This time it won’t be about banning foreign goods. No, that is an old-economy-measure, and a large part of world manufacturing is global anyhow, especially in the US and UK. Plus, not “buying” abroad creates the problem that they gotta sell their goods in foreign countries – Coke and Prudential aren’t restricted to their home countries.
So the only way things will change is to stop employment of foreigners. The distinction is strange in the US where a large majority of people descend from, or are immigrants. Less, but still strange in the UK where it’s entirely likely a bloke from the south of Britain finds himself a foreigner in Norfolk.
Lashing out against Italians or Frenchmen is a farce. The real target of this “protectionism” is likely be those that seem to have eaten away at every level of job, from taxi drivers, to restaurants to technology workers and investment bankers. Indians and Chinese people.

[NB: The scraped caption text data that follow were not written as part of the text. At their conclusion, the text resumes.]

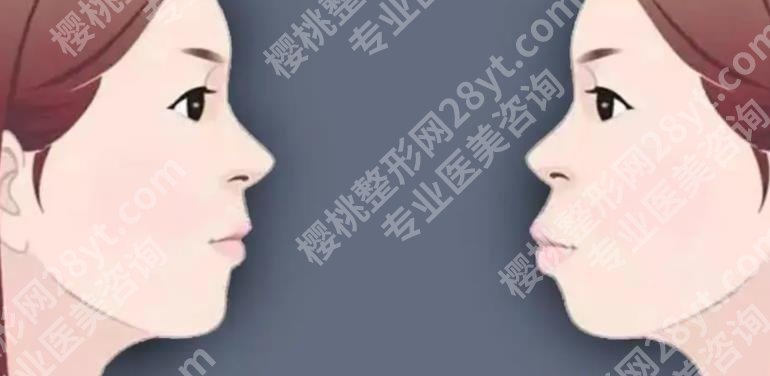 朴兴植正颌案例图片|坐诊医院基本资料介绍!正颌案例图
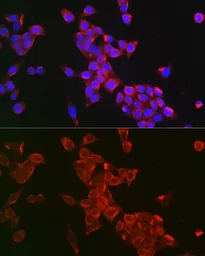 Anti-FSH Receptor antibody used in Immunocytochemistry/ Immunofluorescence (ICC/IF). GTX64391
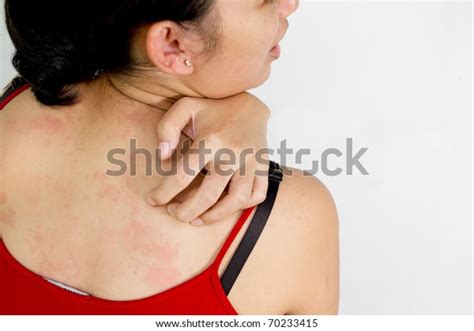Image result for Intense Back Scratching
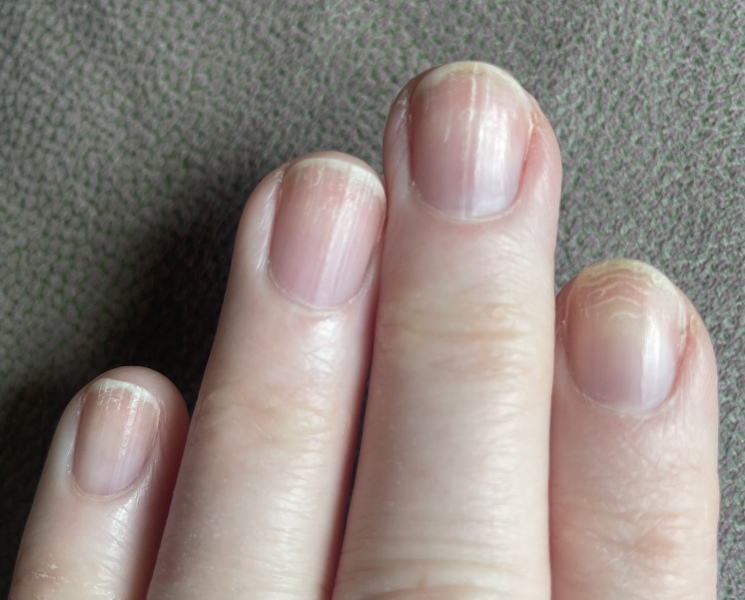 Please can anyone advise on my nails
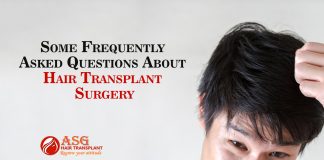 Some Frequently Asked Questions About Hair Transplant Surgery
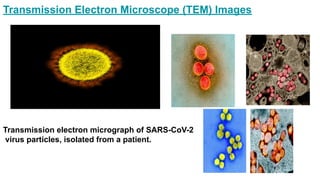 TRANSMISSION ELECTRON MICROSCOPY ( TEM ) | PDF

It’s apparent in the Gulf, at least, that when the economic scenario changes the first to go were the Indians. Nothing wrong with that – it was in the contract, and in the Visa. They were there for a job. No job, no stay. (This is true with H1-Bs in the US as well. No Job, No H1-B, and no legit reason to stay in the US)
“Buy American” or “Buy British” now means “don’t employ foreigners”. I’m quite ambivalent to that, as an Indian; on the upside, it provides some of that quality talent to India.